Integration with Hadoop

In this article by Cyrus Dasadia, author of the book, MongoDB Cookbook Second Edition, we will cover the following recipes:

  • Executing our first sample MapReduce job using the mongo-hadoop connector
  • Writing our first Hadoop MapReduce job

(For more resources related to this topic, see here.)

Hadoop is a well-known open source software for the processing of large datasets. It also has an API for the MapReduce programming model, which is widely used. Nearly all the big data solutions have some sort of support to integrate them with Hadoop in order to use its MapReduce framework. MongoDB too has a connector that integrates with Hadoop and lets us write MapReduce jobs using the Hadoop MapReduce API, process the data residing in the MongoDB/MongoDB dumps, and write the result back to the MongoDB/MongoDB dump files. In this article, we will be looking at some recipes around the basic MongoDB and Hadoop integration.

Executing our first sample MapReduce job using the mongo-hadoop connector

In this recipe, we will see how to build the Mongo-Hadoop connector from the source and set up Hadoop just for the purpose of running the examples in a standalone mode. The connector is the backbone that runs Hadoop MapReduce jobs on Hadoop using the data in Mongo.

Getting ready

There are various distributions of Hadoop; however, we will use Apache Hadoop (http://hadoop.apache.org/). The installation will be done on Ubuntu Linux. For production, Apache Hadoop always runs on the Linux environment and Windows is not tested for production systems. For development purposes, however, Windows can be used. If you are a Windows user, I would recommend installing a virtualization environment such as VirtualBox (https://www.virtualbox.org/), set up a Linux environment, and then install Hadoop on it. Setting up VirtualBox and Linux on it is not shown in this recipe, but this is not a tedious task. The prerequisite for this recipe is a machine with a Linux operating system on it and an Internet connection. The version that we will set up here is 2.4.0 of Apache Hadoop. The latest version of Apache Hadoop that is supported by the mongo-hadoop connector is 2.4.0.

A Git client is needed to clone the repository of the mongo-hadoop connector to the local filesystem. Refer to http://git-scm.com/book/en/Getting-Started-Installing-Git to install Git.
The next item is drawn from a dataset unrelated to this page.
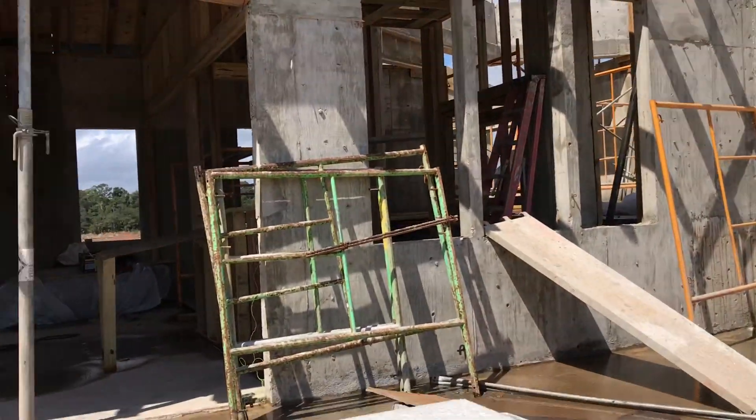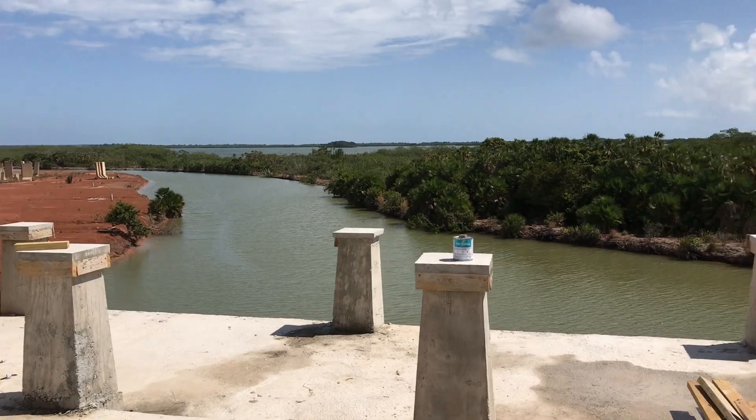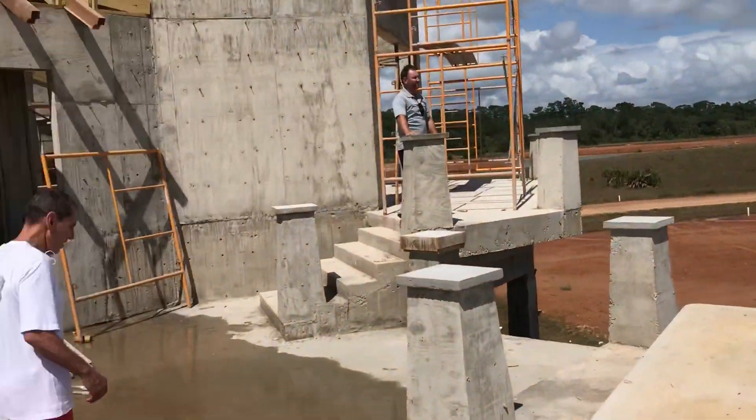Look at how big it is. Open, wide open, the glass, and the view is amazing. Wow.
You will also need MongoDB to be installed on your operating system. Refer to http://docs.mongodb.org/manual/installation/ and install it accordingly. Start the mongod instance listening to port 27017. It is not expected for you to be an expert in Hadoop but some familiarity with it will be helpful. Knowing the concept of MapReduce is important and knowing about the Hadoop MapReduce API will be an advantage. In this recipe, we will be explaining what is needed to get the work done. You can get more details on Hadoop and its MapReduce API from other sources. The Wikipedia page, http://en.wikipedia.org/wiki/MapReduce, gives good enough information about the MapReduce programming.

How to do it…

  1. We will first install Java, Hadoop, and the required packages. We will start with installing JDK on the operating system.  Type the following on the command prompt of the operating system:
    $ javac –version

    If the program doesn't execute and you are told about the various packages that contain javac and program, then we need to install them as follows:

    $ sudo apt-get install default-jdk

    This is all we need to do to install Java

  2. Visit the URL, http://www.apache.org/dyn/closer.cgi/hadoop/common/, and download version 2.4 (or the latest mongo-hadoop connector supports).
  3. After the .tar.gz file has been downloaded, execute the following on the command prompt:
    $ tar –xvzf <name of the downloaded .tar.gz file>
    
    $ cd <extracted directory>
  4. Open the etc/hadoop/hadoop-env.sh file and replace export JAVA_HOME = ${JAVA_HOME} with export JAVA_HOME = /usr/lib/jvm/default-java. We will now get the mongo-hadoop connector code from GitHub on our local filesystem. Note that you don't need a GitHub account to clone a repository. Clone the git project from the operating system command prompt as follows:
    $git clone https://github.com/mongodb/mongo-hadoop.git
    $cd mongo-hadoop
  5. Create a soft link; the Hadoop installation directory is the same as the one that we extracted in step 3:
    $ln –s <hadoop installation directory> ~/hadoop-binaries

    For example, if Hadoop is extracted/installed in the home directory, then this is the command to be executed:

    $ln –s ~/hadoop-2.4.0 ~/hadoop-binaries

    By default, the mongo-hadoop connector will look for a Hadoop distribution in the ~/hadoop-binaries folder. So, even if the Hadoop archive is extracted elsewhere, we can create a soft link to it. Once this link is created, we should have the Hadoop binaries in the ~/hadoop-binaries/hadoop-2.4.0/bin path.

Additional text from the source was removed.